Repeat nothing but the lines below running from the one containing "Recambio de mando" to the one containing "Тricou bărbați Esprit". Keep both end lines.

* MATERIAL FOR THIS EXERCISE:
++++++++++++++++++++

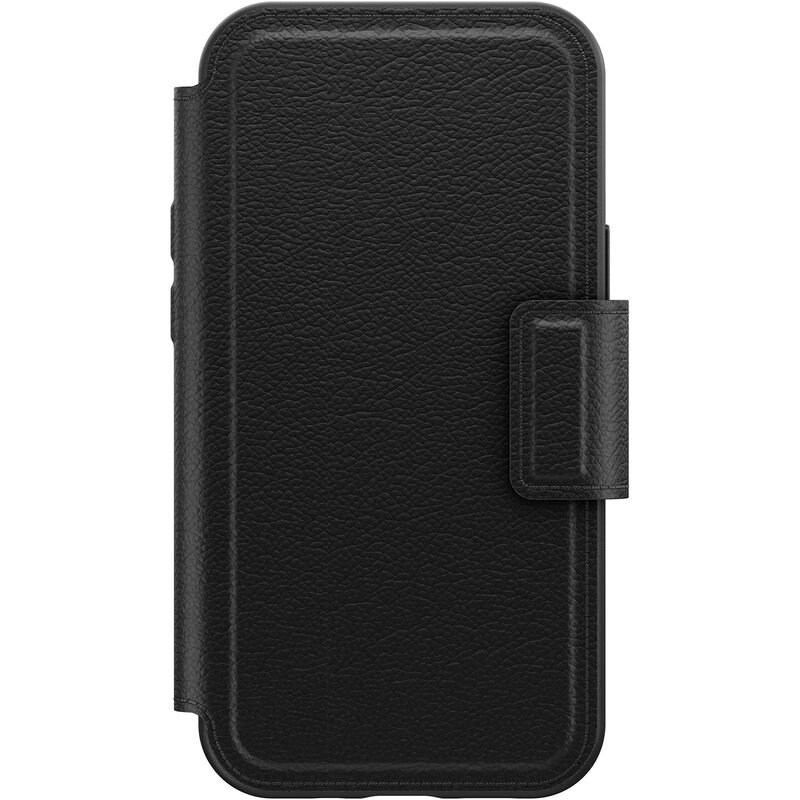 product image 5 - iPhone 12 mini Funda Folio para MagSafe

++++++++++++++++++++

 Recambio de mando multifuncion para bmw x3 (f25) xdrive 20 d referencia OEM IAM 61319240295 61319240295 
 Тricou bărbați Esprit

++++++++++++++++++++

* REPLY TO THE TASK:
 Recambio de mando multifuncion para bmw x3 (f25) xdrive 20 d referencia OEM IAM 61319240295 61319240295 
 Тricou bărbați Esprit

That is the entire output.